In their minds, consumers have largely rebranded card issuers less as payment facilitators, and more as concierge services. They expect issuers to operate at their convenience, and to simultaneously offer personalized experiences, stronger security, and faster resolutions to any issues. This isn’t always a problem; after all, most businesses seek to offer a higher standard of service to their customers. It becomes an issue, though, when consumer expectations rub up against existing policies and practices.

Catering to consumer demands for chargebacks without proper investigation or adjudication, for instance, unfairly impacts merchants. It’s not a reasonable demand, yet issuers often oblige for the sake of consumer loyalty.

Banks are, in effect, enabling chargeback abuse (a practice called “friendly fraud”). If this “blind-eye” approach continues to dominate, the bad behavior will only get worse.

I don’t want to give the impression that it’s all doom and gloom. There will be plenty of positive developments, like growth among small acquirers, and increased affiliate relationships.

These developments present new opportunities to conduct business, grow revenue, and increase efficiency and the level of service provided to consumers. There will be new challenges as well, though. If left unaddressed, these threats will subsume many potential gains for the industry. Here are five of the biggest developing threats that need to be addressed as soon as possible:

Open Banking Fraud. Connectivity between banks and third-party providers is uncharted territory. The kind of interoperability represented by the Revised Payments Services Directive (PSD2) may open up greater opportunities for data analysis and consumer customization, but could also lead to security breaches impacting multiple payments channels.

BOPUS Abuse. The BOPUS sales model is a big hit with consumers. They love the convenience of doing their shopping online, then simply heading to the store to pick up purchases. We expect BOPUS to lead to more fraud in 2020, though, as many locations don’t require consumers to show ID or a payment card at the time of pickup. This could lead to a surge in different abuses, from fraudsters imitating legitimate buyers, to consumers engaging in “cyber shoplifting.”

Loyalty Program Abuse. One might not assume that abuse of merchant loyalty programs would be a major problem. Remember, though, that loyalty points are largely equivalent to cash, while usually having far more lax security.
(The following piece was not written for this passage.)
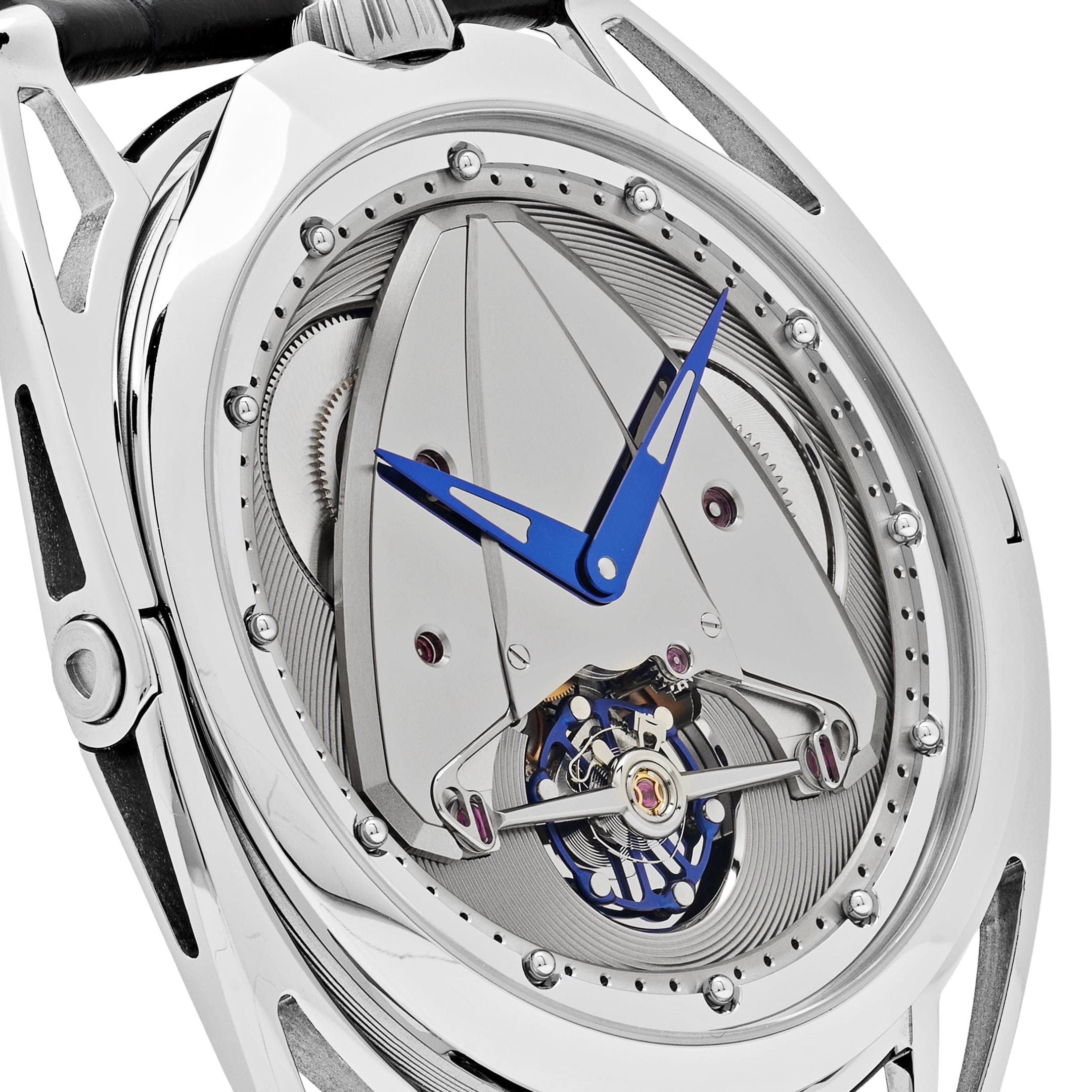 De Bethune DB28XPTIS1P  Titanium Grey Dial - Premium Luxury Product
A hacker can steal customers’ loyalty rewards like airline miles or hotel points with relative ease.

Travel Double-Dipping. We’ve seen several high-profile carrier collapses recently; Thomas Cook, Monarch, and Air Berlin are just a few of the big names to go under, and more are likely to follow. After each of these collapses, we see a spike in chargebacks and fraud ripple through the travel space. Some consumers manage to “double dip” on chargebacks by filing through their card issuer, and through insurance bonds.
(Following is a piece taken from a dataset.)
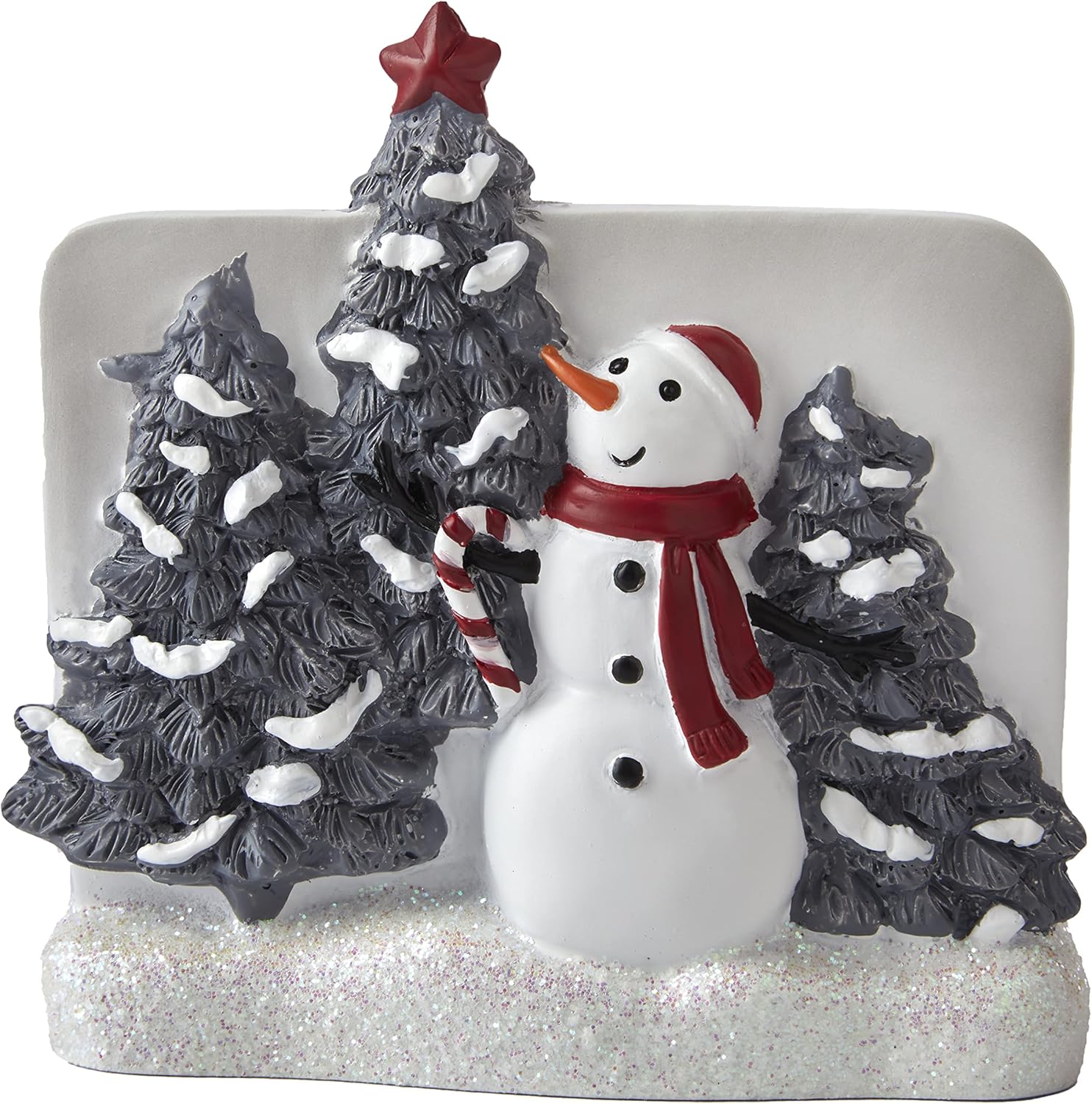 SKL Home Soporte para cepillo de dientes de muñeco de nieve Whistler para...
Subscription Abuse. When customers take a “set it and forget it” approach to recurring subscription services, it’s inevitable that heightened chargeback requests will follow. But, with interest in subscription box services, meal prep, streaming, and other businesses based around recurring billing only set to grow, subscription abuse will be an increasingly prominent challenge.
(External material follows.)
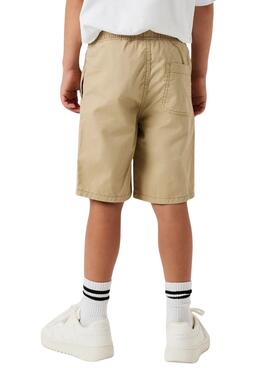 Nomme-moi Ryan Jog beige jogger pour fille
It’s up to professionals in the payments space to mitigate these threats. The question: how?

There’s only so much we can do based on these broad forecasts. Breaking fraud trends up by decade can be useful, in that it helps us see how far we’ve come in a set period. The reality, though, is that the myriad cyber threats facing the market are constantly evolving. That’s why it’s best to take a comprehensive, adaptable approach from the beginning.

We should call for a multi-layered understanding of fraud on the part of merchants and banks. The more dynamic our approach, the better-suited it will be to withstand new and evolving threats. Developing solutions to mitigate both pre- and post-transactional threats based on hard, historical data is our safest bet. For merchants, this means embracing complimentary fraud detection tools that allow for more precise customization and adaptation over time as trends develop. For institutions, it means putting more emphasis on consumer education, case reviews, and fraud screening.

Of course, we’ll never be able to stop all fraud incidents. That said, without taking on this more dynamic and comprehensive approach, this decade will take fraud losses in the payments industry to new and frightening heights.